She made his life hell but still got a chunk of his estate
An ex-wife who vowed she would make “what was left” of her ex-husband’s “wretched life not worth living” has been awarded $750,000 from his estate by a court after he died without leaving a will.
The remarkable decision in the NSW Supreme Court in the case Lodin v Lodin ; Estate of Dr Mohammad Masoud Lodin  NSWSC 10 demonstrates the importance of getting expert legal advice on drawing up a will to ensure that your estate goes to the people you want it to go to.
The couple had divorced 25 years earlier after being together for 18 months, during which they had a daughter. The husband, a doctor, signed a matrimonial financial separation and paid all his child support obligations.
Long-term campaign of persecution and false allegations
That should have provided a clean break for the couple, but the ex-wife conducted what the judge called “a relentless persecution of the deceased” and “she carried into effect, as best she could, her stated aim of making his life a misery”.
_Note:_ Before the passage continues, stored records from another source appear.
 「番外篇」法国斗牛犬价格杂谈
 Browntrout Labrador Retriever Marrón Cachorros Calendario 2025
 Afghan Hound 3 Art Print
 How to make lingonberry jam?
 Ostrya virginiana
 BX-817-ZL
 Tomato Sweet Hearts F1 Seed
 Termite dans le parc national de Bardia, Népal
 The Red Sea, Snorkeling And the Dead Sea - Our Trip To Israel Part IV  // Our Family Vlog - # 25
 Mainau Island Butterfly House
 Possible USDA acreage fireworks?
This included her threatening to “destroy your life” unless he gave her an extra $60,000 and bringing professional conduct proceedings against him. She then alleged to police that he had sexually abused his daughter and threatened to kidnap her. These allegations were dismissed.
The doctor died without a will, leaving an estate of $5 million that under the rules of intestacy went to his daughter.
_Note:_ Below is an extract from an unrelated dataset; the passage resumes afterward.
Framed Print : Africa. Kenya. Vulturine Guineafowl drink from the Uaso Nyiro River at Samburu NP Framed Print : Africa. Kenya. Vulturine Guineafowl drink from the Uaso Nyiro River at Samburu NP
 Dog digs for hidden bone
The judge ruled that despite the ex-wife’s “post divorce persecution”, she was entitled to 15 per cent of the estate because the relationship and its breakdown had had a serious impact on her life.
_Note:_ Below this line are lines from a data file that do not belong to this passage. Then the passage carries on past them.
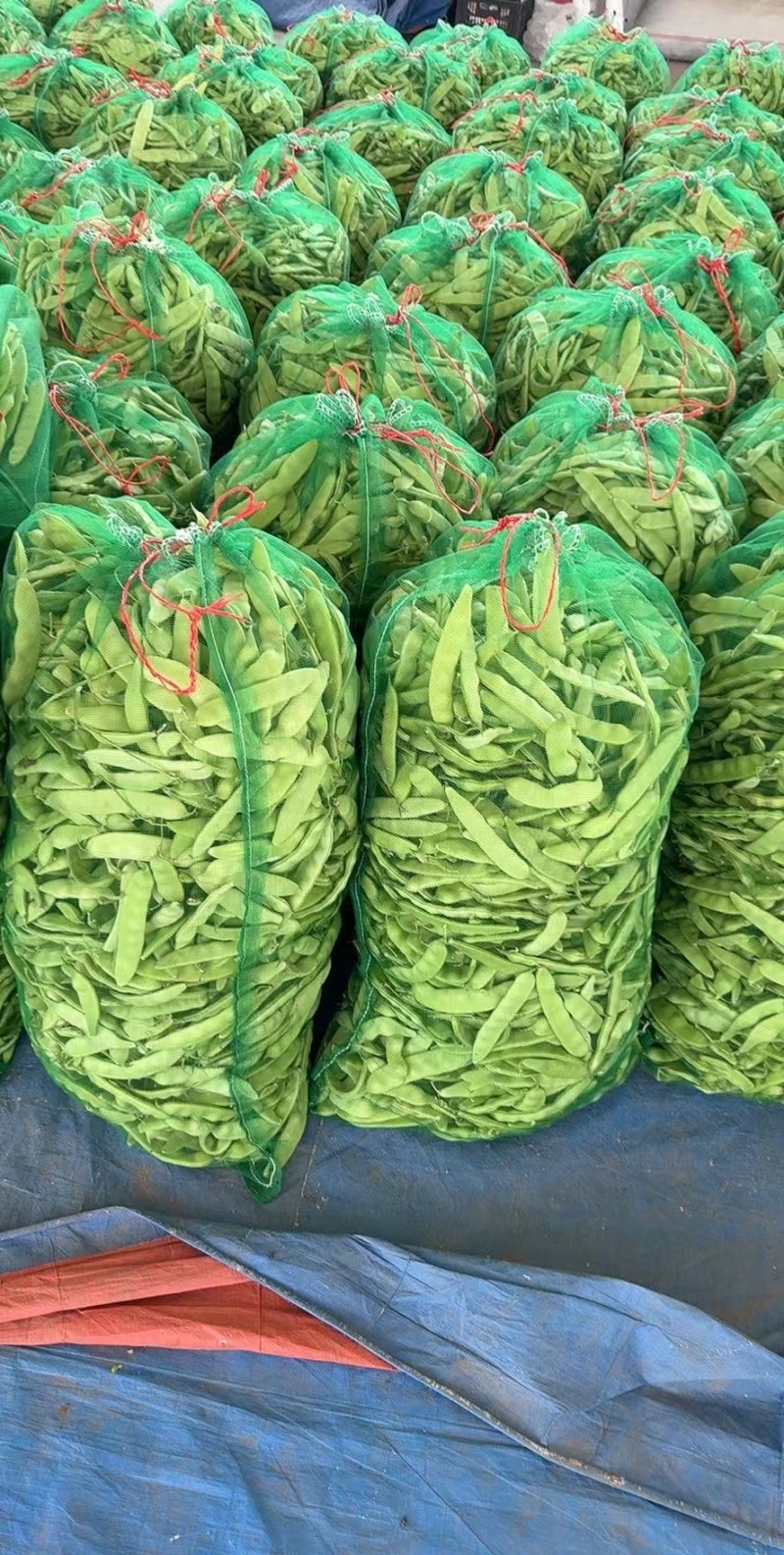吉林油豆角大量供应，产地直发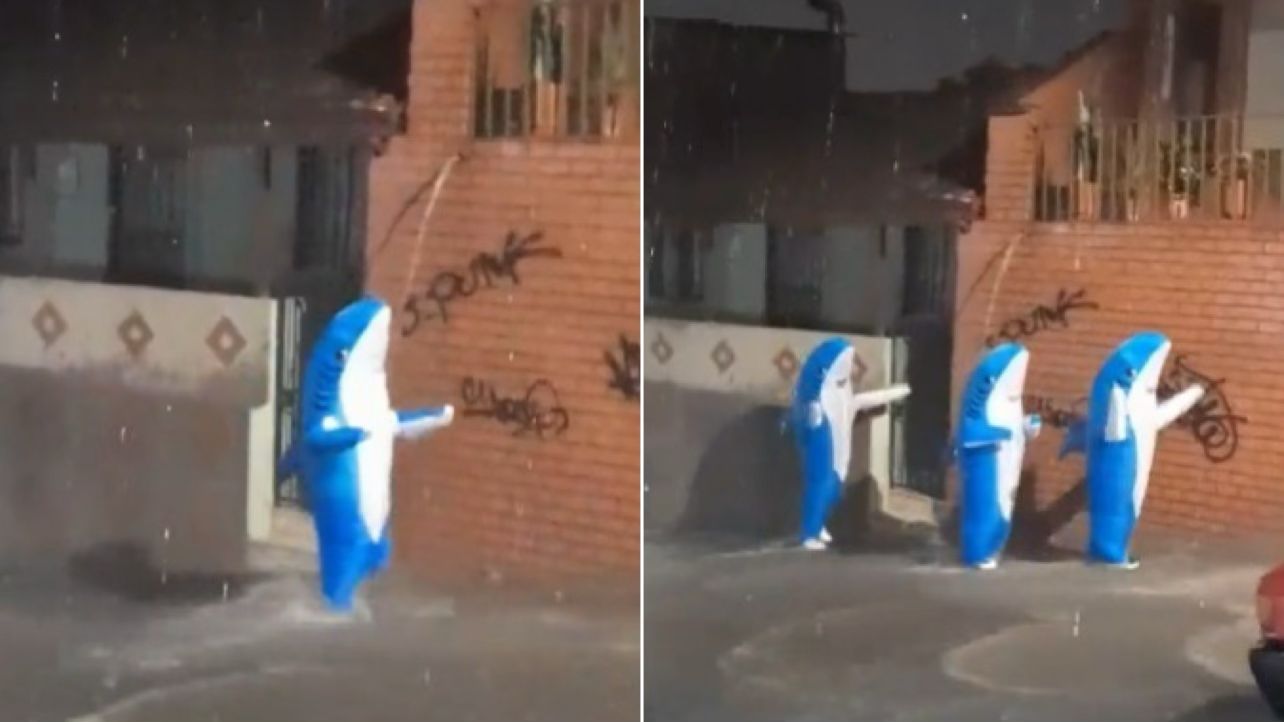 [Video] ¡Qué risa! Tiburones bailaron bajo la fuerte lluvia de Medellín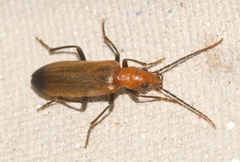 Nacerdes melanura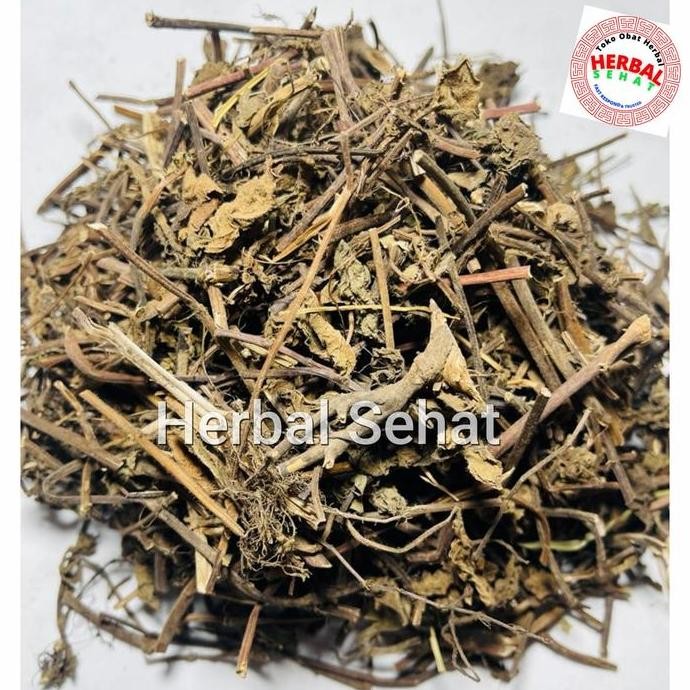 

Baru Daun Cincau Hitam Kering 1kg Cincau Lengkong Siap Seduh Herbal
Need to update your will when your relationships change
It was unusual for a court to order a portion of an estate to be allocated to an estranged person who had been hostile to the deceased for two decades.
If courts are now going to be awarding a portion of the estate to these sorts of claimants, it shows how important it is to have an expertly drawn up will, and to update that will as your relationships change.
In this case it was a large estate of $5 million and millions were left for the daughter. I doubt that there would be such an outcome with a smaller estate.
Obtaining a section 95 release of rights to prevent future claims
When ending a relationship, it is important to finalise the property settlement. It would be wise to get a section 95 release under the NSW Succession Act 2006 so that your ex cannot make a claim on your estate in the future.
The release would not normally be set up when you are still in a relationship with your spouse, but it can be wise when a relationship ends and when you are entering into a family law settlement. It is also a good idea if entering into a new relationship if you have children to a previous relationship.
Supreme Court needs to approve Section 95 releases
Section 95 releases are not included in separation orders. The complexity is that the release needs to be formally approved by the Supreme Court of NSW (not the Family Court dealing with the separation orders). Generally the Supreme Court only stamps off on the release with representation by a barrister or an experienced solicitor for both parties. In the view of the court, it is a big step to forfeit rights to bring a claim against an estate, so it wants to make sure that this course of action is appropriate.
In the event of separation, when getting family court orders finalising a property settlement, you may consider also applying for a separate section 95 release to ensure that your ex has no claim on your estate in the future – even 25 years into the future, as this case demonstrates.